In some cases these programs may have increased the appeal of guns, said the child health specialists who wrote, "Children, Youth and Gun Violence" for The Future of Children, a journal of the David and Lucile Packard Foundation.
Instead, the easiest way to save young lives would be to make guns more "childproof" with built-in safety devices, although the industry has been slow to adopt these measures, the report said.
In the meantime, the report said, parents should become the new target of gun safety campaigns, because they leave guns around the house, loaded and unlocked. Parents don't take enough responsibility for gun safety because they overestimate the maturity of their children, it said.

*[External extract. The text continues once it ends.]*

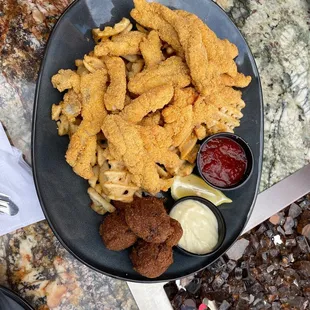 Fried catfish and waffle fries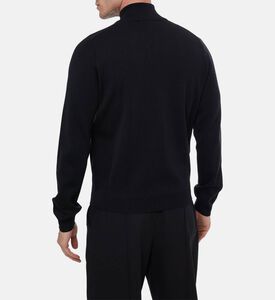 Maison Kitsune Knit Fox-embroidery High Neck Jacket, Model View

The report claims to be the first to synthesize a wide-range of research into gun safety and children.
Two separate studies showed that children who received gun safety education were just as likely to play with a gun as children who had not had the training.
"The empirical evidence shows that these programs aimed at children are ineffective, and by telling children to say no we may even be increasing the allure," said Majorie Hardy, psychology professor at Eckard College in Florida and an author of the report.
Parents were highly resistant to education about safe storage of guns, she said, although experts were encouraged by the slow but steady success of parent education in campaigns such as seating children in the back of cars.
Stephen Teret, the director of the Center for Gun Law and the Public's Health at Johns Hopkins University and another author of the report, said many gun deaths could be prevented by simple safety features, such as an indicator that shows when a gun is loaded. Many teenage boys kill or injure each other by playing with guns they believe are empty.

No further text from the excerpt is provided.